Copy exactly, please, each line of the data below until the line that contains "Kilim Ghashgai" has been copied, beginning at the top.

RECORD EXCERPTS START

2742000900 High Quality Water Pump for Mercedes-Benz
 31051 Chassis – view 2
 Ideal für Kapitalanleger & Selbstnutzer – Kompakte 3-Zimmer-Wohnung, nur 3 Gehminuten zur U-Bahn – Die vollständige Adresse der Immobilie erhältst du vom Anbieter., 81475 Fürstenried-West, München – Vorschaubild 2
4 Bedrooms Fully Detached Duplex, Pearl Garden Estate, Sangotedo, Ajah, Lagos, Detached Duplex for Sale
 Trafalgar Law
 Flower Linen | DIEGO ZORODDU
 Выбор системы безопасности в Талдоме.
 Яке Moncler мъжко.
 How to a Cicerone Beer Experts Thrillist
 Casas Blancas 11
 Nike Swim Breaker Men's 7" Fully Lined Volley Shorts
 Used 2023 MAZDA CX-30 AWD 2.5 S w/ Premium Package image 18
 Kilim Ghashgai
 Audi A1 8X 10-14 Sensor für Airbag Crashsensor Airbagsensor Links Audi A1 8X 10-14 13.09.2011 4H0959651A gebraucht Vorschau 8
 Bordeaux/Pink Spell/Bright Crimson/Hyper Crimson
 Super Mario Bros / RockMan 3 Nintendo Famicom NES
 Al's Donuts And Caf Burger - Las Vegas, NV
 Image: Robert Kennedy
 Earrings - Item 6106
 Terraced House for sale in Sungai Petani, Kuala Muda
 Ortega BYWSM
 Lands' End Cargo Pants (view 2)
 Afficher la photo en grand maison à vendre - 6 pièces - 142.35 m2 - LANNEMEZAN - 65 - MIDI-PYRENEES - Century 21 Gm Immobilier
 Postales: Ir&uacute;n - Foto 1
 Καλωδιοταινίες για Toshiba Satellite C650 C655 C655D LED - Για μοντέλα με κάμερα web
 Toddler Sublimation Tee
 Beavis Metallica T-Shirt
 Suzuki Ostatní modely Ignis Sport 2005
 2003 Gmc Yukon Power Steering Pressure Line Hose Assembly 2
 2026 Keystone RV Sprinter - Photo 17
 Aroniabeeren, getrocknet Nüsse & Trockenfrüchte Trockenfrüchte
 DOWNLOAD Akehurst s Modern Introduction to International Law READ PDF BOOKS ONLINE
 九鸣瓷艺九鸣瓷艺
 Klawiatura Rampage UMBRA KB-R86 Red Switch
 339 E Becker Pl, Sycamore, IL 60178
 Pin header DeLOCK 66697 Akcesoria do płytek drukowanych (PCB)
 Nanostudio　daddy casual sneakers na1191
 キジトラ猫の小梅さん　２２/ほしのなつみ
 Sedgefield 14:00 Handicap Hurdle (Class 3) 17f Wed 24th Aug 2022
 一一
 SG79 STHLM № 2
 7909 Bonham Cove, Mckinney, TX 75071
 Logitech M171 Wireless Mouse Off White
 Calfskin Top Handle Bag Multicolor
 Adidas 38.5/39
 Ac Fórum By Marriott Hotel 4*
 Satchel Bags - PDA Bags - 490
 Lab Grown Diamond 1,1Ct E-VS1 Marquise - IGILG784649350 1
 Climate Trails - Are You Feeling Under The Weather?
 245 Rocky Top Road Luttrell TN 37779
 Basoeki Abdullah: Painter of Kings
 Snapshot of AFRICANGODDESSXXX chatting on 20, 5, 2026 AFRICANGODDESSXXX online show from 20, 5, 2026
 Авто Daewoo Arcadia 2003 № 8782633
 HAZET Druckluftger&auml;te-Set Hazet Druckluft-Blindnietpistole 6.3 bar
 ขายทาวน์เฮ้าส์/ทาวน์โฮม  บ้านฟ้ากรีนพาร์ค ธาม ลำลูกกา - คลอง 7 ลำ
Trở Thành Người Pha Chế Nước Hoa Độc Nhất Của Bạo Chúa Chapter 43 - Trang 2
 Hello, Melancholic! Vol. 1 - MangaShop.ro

RECORD EXCERPTS END

* _SOLUTION TO THIS TASK_
2742000900 High Quality Water Pump for Mercedes-Benz
 31051 Chassis – view 2
 Ideal für Kapitalanleger & Selbstnutzer – Kompakte 3-Zimmer-Wohnung, nur 3 Gehminuten zur U-Bahn – Die vollständige Adresse der Immobilie erhältst du vom Anbieter., 81475 Fürstenried-West, München – Vorschaubild 2
4 Bedrooms Fully Detached Duplex, Pearl Garden Estate, Sangotedo, Ajah, Lagos, Detached Duplex for Sale
 Trafalgar Law
 Flower Linen | DIEGO ZORODDU
 Выбор системы безопасности в Талдоме.
 Яке Moncler мъжко.
 How to a Cicerone Beer Experts Thrillist
 Casas Blancas 11
 Nike Swim Breaker Men's 7" Fully Lined Volley Shorts
 Used 2023 MAZDA CX-30 AWD 2.5 S w/ Premium Package image 18
 Kilim Ghashgai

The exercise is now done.